▶ [Your goal]: Text in the records must be reproduced exactly, and pictures must be skipped.

*** Opening of Given data ***

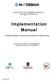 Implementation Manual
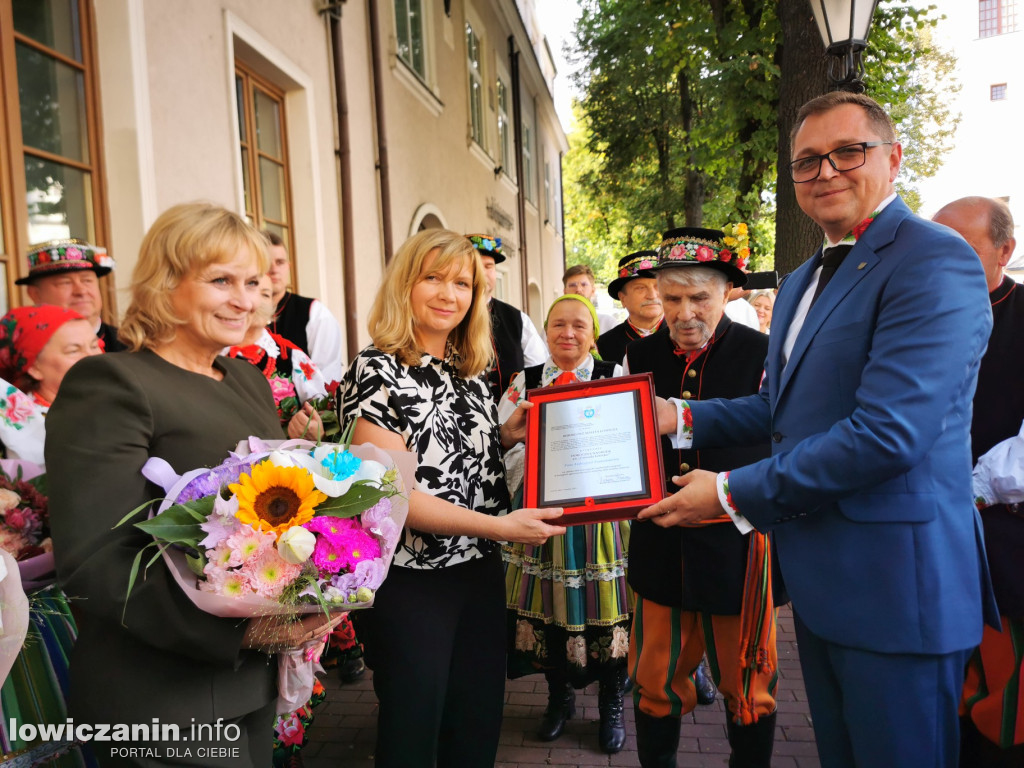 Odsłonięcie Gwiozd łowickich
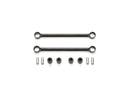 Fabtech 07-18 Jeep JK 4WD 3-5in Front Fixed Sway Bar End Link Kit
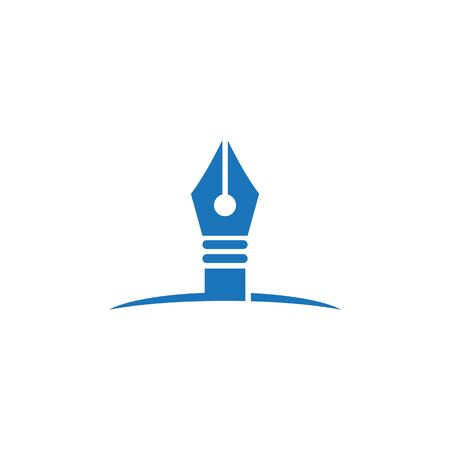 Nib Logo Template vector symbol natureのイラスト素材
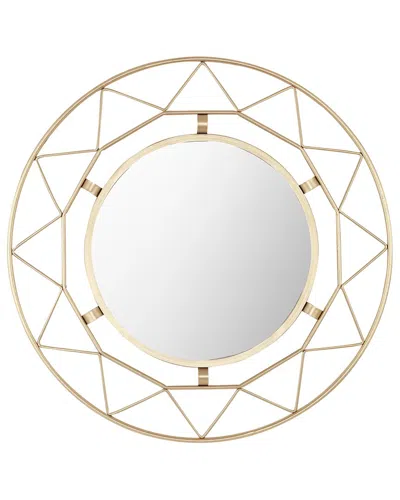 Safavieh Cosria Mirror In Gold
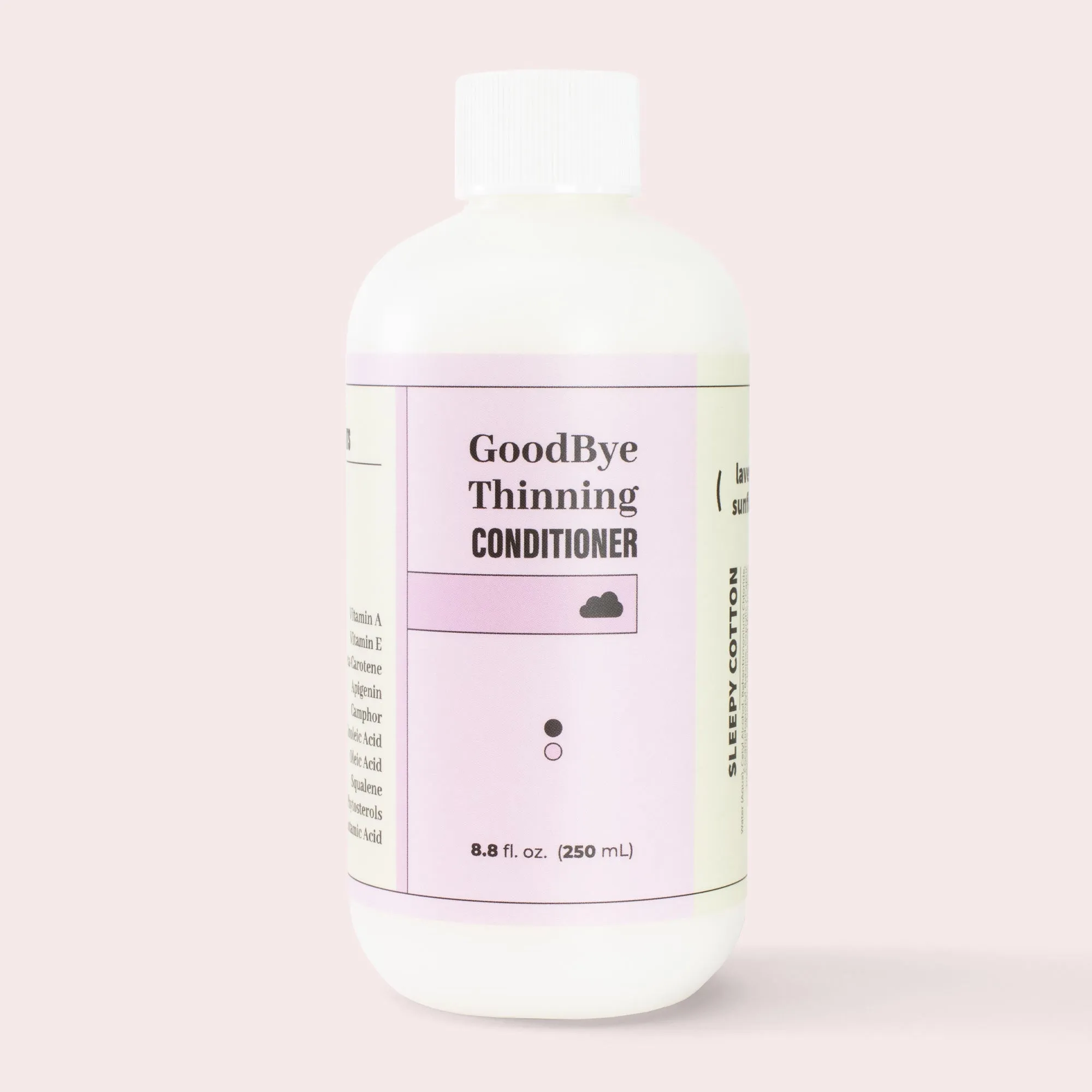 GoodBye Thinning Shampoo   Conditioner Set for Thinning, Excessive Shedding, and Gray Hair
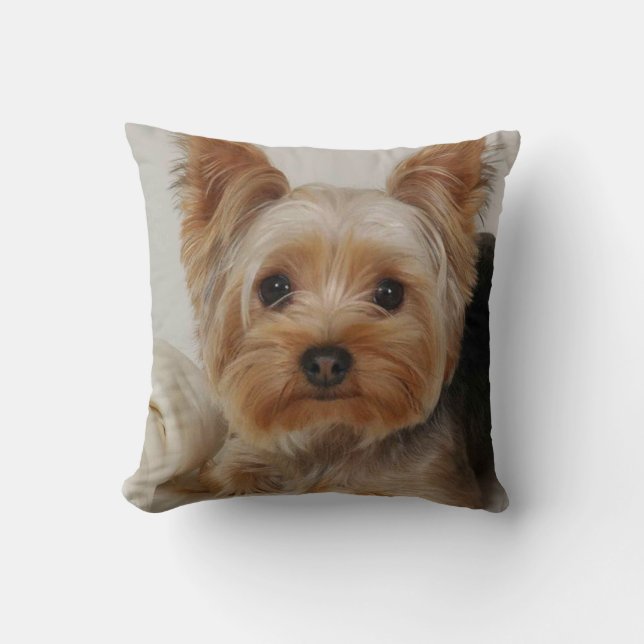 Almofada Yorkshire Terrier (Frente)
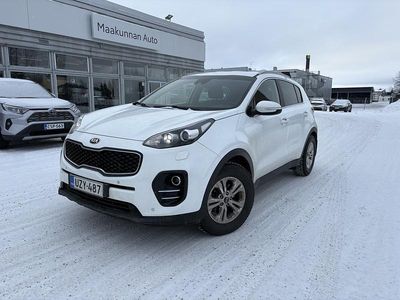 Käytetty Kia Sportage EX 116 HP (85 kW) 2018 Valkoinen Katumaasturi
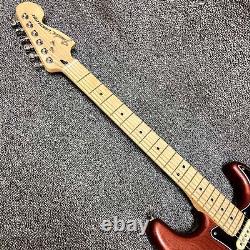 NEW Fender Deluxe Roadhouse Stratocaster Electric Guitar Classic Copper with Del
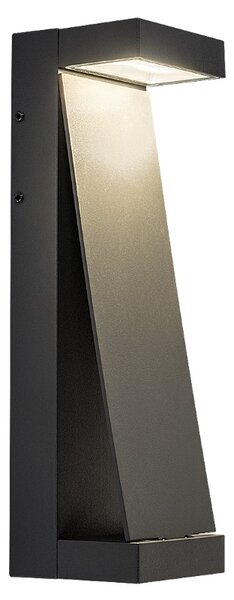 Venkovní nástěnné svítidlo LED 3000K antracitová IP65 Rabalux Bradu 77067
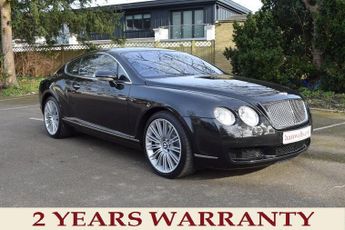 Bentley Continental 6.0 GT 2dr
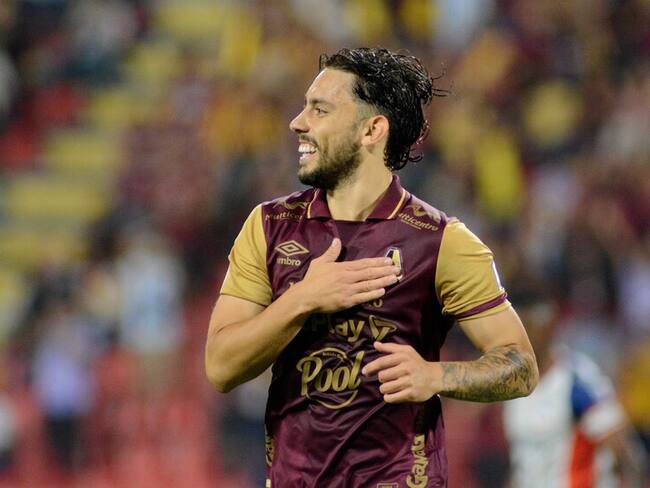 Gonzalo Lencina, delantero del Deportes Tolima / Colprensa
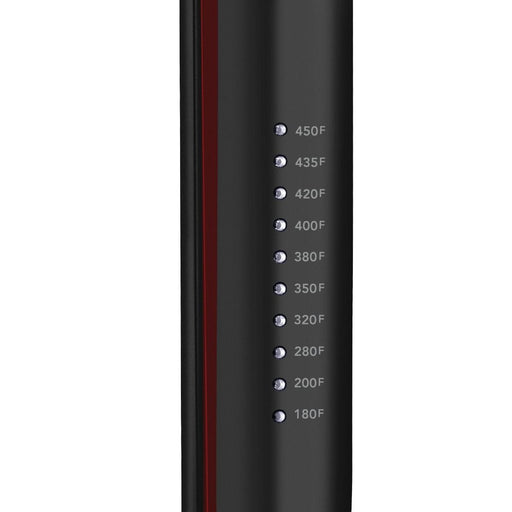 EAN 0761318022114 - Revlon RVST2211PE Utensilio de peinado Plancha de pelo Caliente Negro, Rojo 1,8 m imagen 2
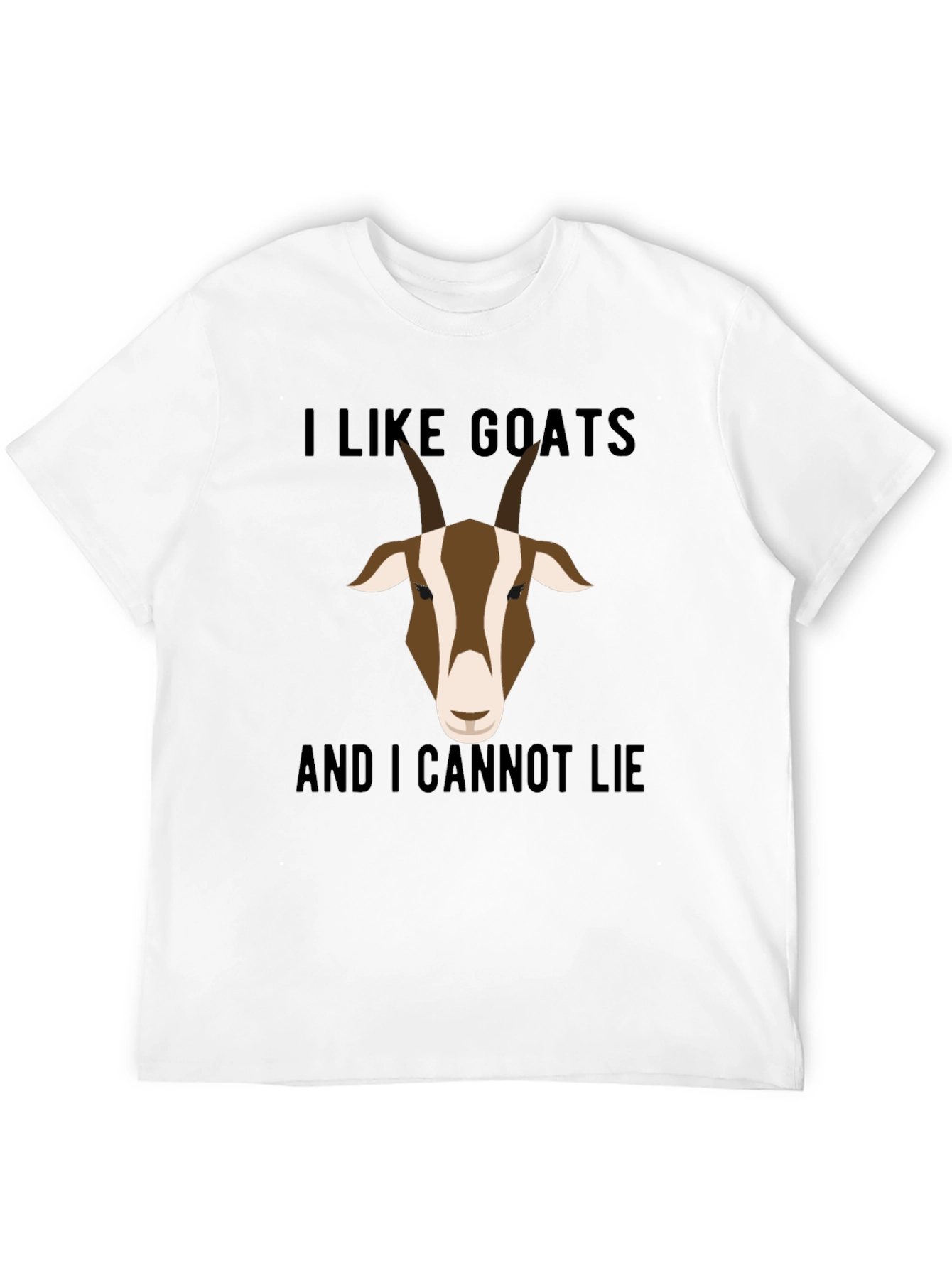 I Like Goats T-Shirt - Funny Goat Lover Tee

*** Close of Given data ***

▶ [The answer]:
 Implementation Manual
 Odsłonięcie Gwiozd łowickich
 Fabtech 07-18 Jeep JK 4WD 3-5in Front Fixed Sway Bar End Link Kit
 Nib Logo Template vector symbol natureのイラスト素材
 Safavieh Cosria Mirror In Gold
 GoodBye Thinning Shampoo   Conditioner Set for Thinning, Excessive Shedding, and Gray Hair
 Almofada Yorkshire Terrier (Frente)
 Käytetty Kia Sportage EX 116 HP (85 kW) 2018 Valkoinen Katumaasturi
 NEW Fender Deluxe Roadhouse Stratocaster Electric Guitar Classic Copper with Del
 Venkovní nástěnné svítidlo LED 3000K antracitová IP65 Rabalux Bradu 77067
 Bentley Continental 6.0 GT 2dr
 Gonzalo Lencina, delantero del Deportes Tolima / Colprensa
 EAN 0761318022114 - Revlon RVST2211PE Utensilio de peinado Plancha de pelo Caliente Negro, Rojo 1,8 m imagen 2
 I Like Goats T-Shirt - Funny Goat Lover Tee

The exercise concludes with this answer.